Companies can address data privacy challenges by integrating security into the Software Development Lifecycle (SDLC) and DevOps process; from design, development, testing, and deployment. For example, MGM Technology Partners was looking for a way to reduce the amount of time spent fixing security bugs encountered in their CRM system. Security bugs were discovered after software was fully developed and released which required considerable time and effort to address. Longer remediation time presented a greater risk that customer data could be exposed.

MGM Technology Partners began performing security tests on portions of code as soon as it was developed prior to production so that issues could be fixed quickly. This resulted in significantly fewer security bugs in released code and greater confidence in their ability to protect private customer data. The Digital Transformation Index II shows that almost half of the organizations surveyed are building security and privacy into devices, applications, and algorithms. At the same time, companies need to consider the ethical implications of how they use personal data.

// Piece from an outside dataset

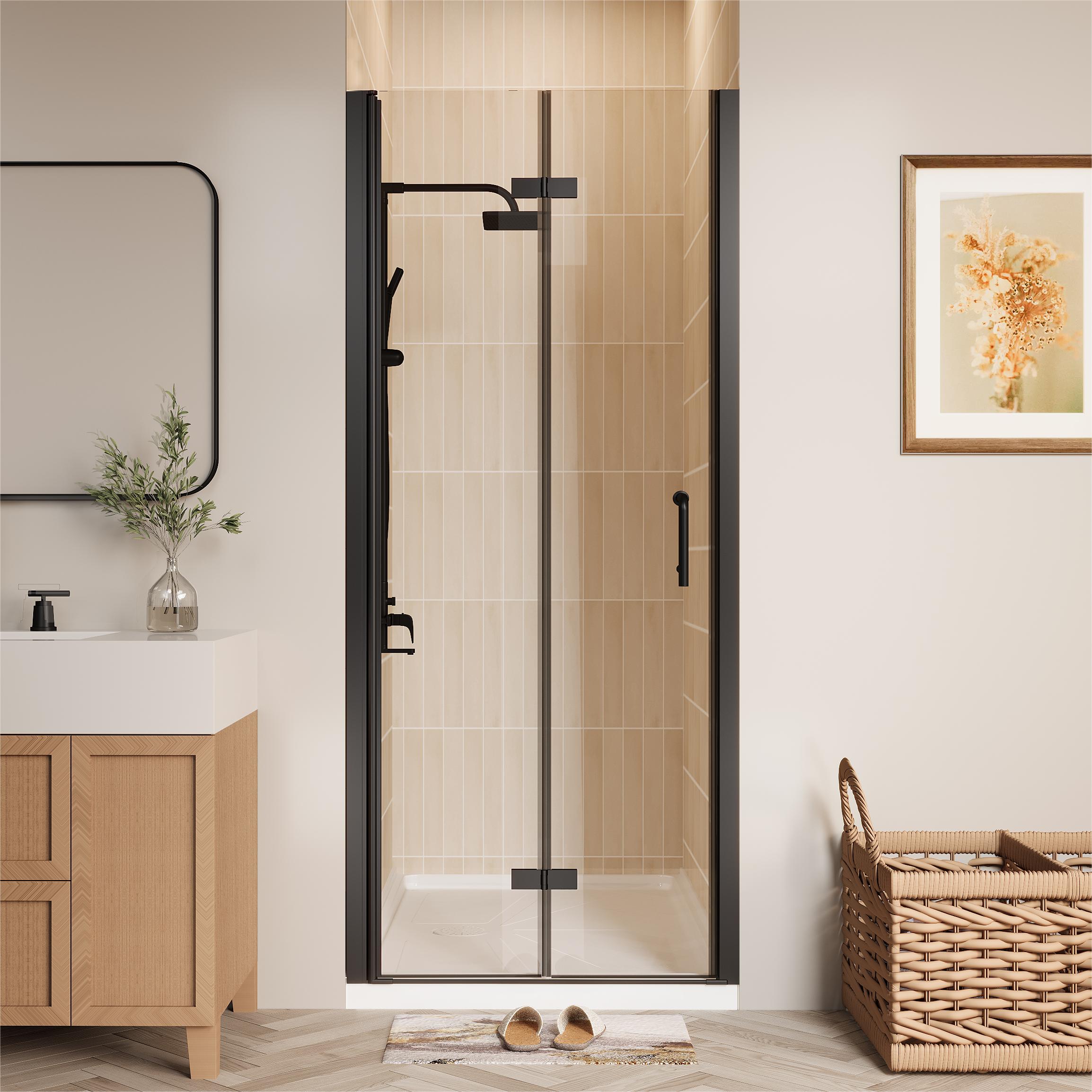 ONWITH  Black 34-in to 35-3/8-in W x 72-in H Frameless Clear Glass Bifold Shower Doors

Consumer Expectations are Increasing

Consumers expect to see product and service improvements to continue at a rapid rate. These expectations have risen equal to or even faster than most businesses can advance. Nonetheless, this is an excellent – if not necessary — opportunity for businesses to thrive in the future. almost 8 out of 10 business leaders surveyed by Dell are considering to harness emerging technologies to predict customer demands and manage resources

Lack of Digital Transformation Talent

Companies need digital transformation talent to keep up with the rapid pace of technology and changing demands of customers and partners. Some key skills include data analytics, problem-solving, information technology, and communication, a 2017 Robert Half study shows. In addition to these skills, accelerator programs can help to foster the creativity needed to innovate disruptive technologies and services. Furthermore, companies are increasing investment in digital skills and talents to address the shortage of skilled people. According to the Index, results indicate that this investment area has increased significantly from 27% in 2016 to 46% in 2018.

The Next Step Forward

Technology has the potential to revolutionize when integrated into business processes to deliver faster business agility and greater value to customers. The digital transformation journey is challenging but ultimately fruitful and essential for the modern company. Most companies are not there yet, but research shows that we are making strides to address digital transformation challenges. Each step leads us closer to the goal in a world brimming with opportunities.

This post was sponsored by Dell, but the opinions are my own and don’t necessarily represent Dell Technologies’ positions or strategies.